The official spoke on condition of anonymity to because he was not authorized to describe the process publicly.
Last week, AQAP launched a new series of banner attack ads focusing on them fighting the Americans, with U.S.-flag-draped coffins, the official explained.
The State Department team countered the attack by buying space on the same site with new ads, featuring the coffins of Yemeni civilians.
Clinton described the cyber effort as part of a larger, multipronged attack on terrorism that goes beyond attacks like the Navy SEAL raid that killed Osama bin Laden to include the propaganda battle, and the longer, slower campaign of diplomats working alongside special operations troops to shore up local governments and economies and train local forces.
Clinton was speaking alongside Adm. Bill McRaven, head of the U.S. Special Operations Command, at a conference of hundreds of U.S. and international special operations commanders _ the two senior leaders sending a tacit message to their sometimes warring tribes of troops and diplomats that they have to get along.
Yemen is considered both a model and a test case of that effort.
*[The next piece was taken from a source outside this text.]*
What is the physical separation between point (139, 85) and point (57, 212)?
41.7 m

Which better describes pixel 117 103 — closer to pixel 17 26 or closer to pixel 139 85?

U.S. diplomats have been working to stabilize the fledgling government of President Abed Rabbo Mansour Hadi, who replaced ousted Yemeni strongman Ali Abdullah Saleh. Saleh stepped down in February as part of a U.S.-backed power-transfer deal brokered by Gulf Arab countries aimed at ending political unrest in the country after a yearlong uprising.
Hadi has faced the twin challenges of Saleh loyalists refusing to relinquish their government and military posts, and of al-Qaida attacks in the south, where the group has established a large safe haven from which to attack Yemeni troops.
The White House responded by issuing an executive order last week threatening sanctions against individuals who challenge Hadi's government. It also dispatched a new batch of special operations forces to train Yemen's army to help withstand al-Qaida attacks that have killed hundreds of Yemeni troops.
Yemen's al-Qaida in the Arabian Peninsula, or AQAP, is considered one of al-Qaida's most dangerous offshoots.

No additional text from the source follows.